- **Problem details**: Pictures stay out of the copy. Retype exactly the lines below from the one with "Produktbild: ONLY Damen" through the one with "Portable Digital Display".

[Available data]

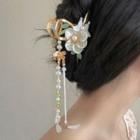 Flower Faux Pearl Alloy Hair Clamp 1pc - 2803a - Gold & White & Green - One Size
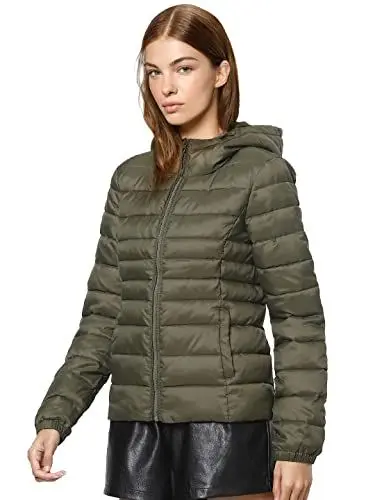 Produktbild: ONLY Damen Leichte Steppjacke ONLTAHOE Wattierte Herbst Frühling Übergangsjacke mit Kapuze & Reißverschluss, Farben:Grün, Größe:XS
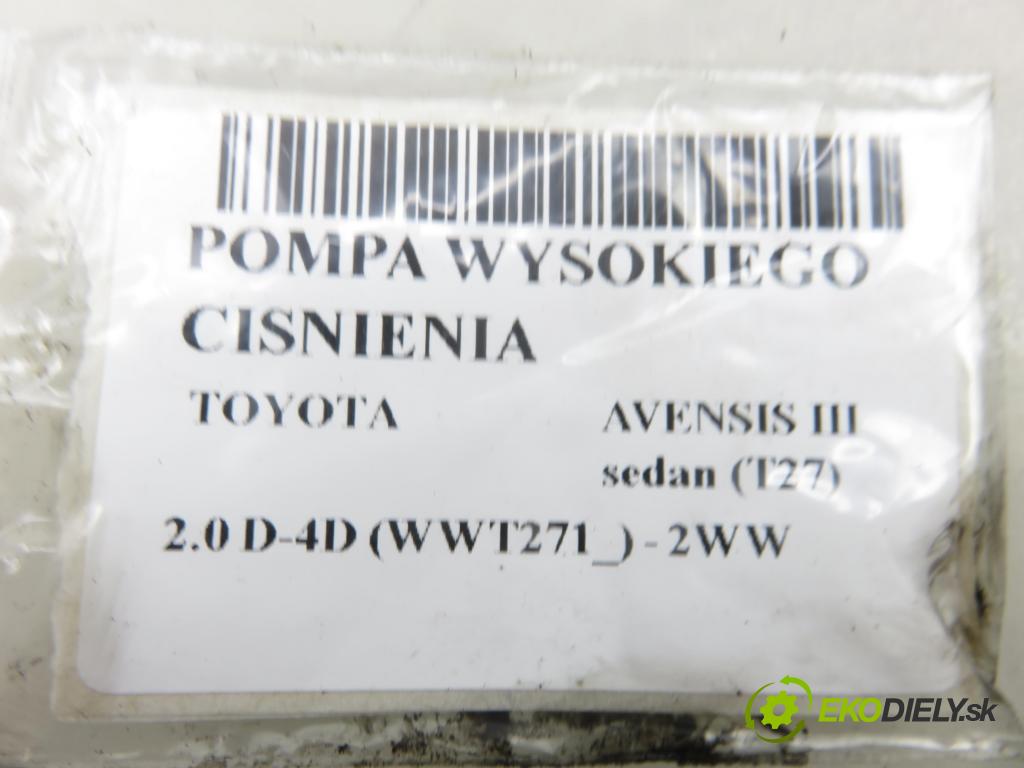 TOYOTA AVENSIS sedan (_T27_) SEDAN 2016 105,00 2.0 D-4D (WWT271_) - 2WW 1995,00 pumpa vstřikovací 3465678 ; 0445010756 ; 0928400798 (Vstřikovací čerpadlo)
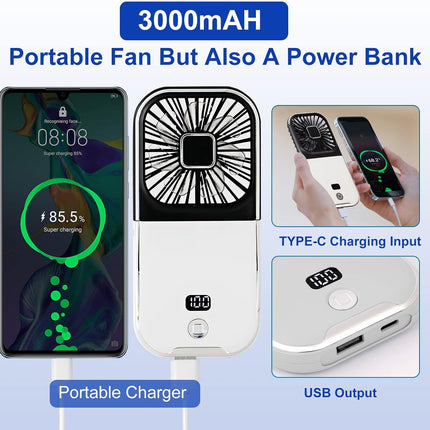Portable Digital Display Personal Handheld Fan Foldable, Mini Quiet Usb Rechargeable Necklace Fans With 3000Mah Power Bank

[/Available data]
[Available data]

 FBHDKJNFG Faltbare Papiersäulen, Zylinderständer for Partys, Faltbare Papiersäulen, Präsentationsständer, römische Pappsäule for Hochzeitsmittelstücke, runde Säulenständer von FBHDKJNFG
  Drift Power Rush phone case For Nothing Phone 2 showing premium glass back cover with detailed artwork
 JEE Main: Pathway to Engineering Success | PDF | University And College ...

[/Available data]
[Available data]

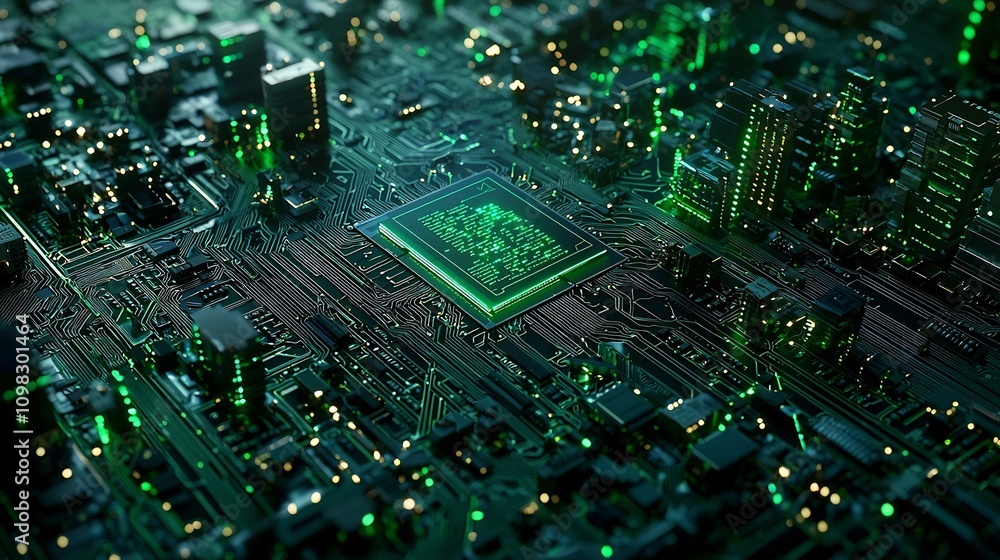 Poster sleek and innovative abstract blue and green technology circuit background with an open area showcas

[/Available data]

- **Task response**:
 Produktbild: ONLY Damen Leichte Steppjacke ONLTAHOE Wattierte Herbst Frühling Übergangsjacke mit Kapuze & Reißverschluss, Farben:Grün, Größe:XS
 TOYOTA AVENSIS sedan (_T27_) SEDAN 2016 105,00 2.0 D-4D (WWT271_) - 2WW 1995,00 pumpa vstřikovací 3465678 ; 0445010756 ; 0928400798 (Vstřikovací čerpadlo)
Portable Digital Display Personal Handheld Fan Foldable, Mini Quiet Usb Rechargeable Necklace Fans With 3000Mah Power Bank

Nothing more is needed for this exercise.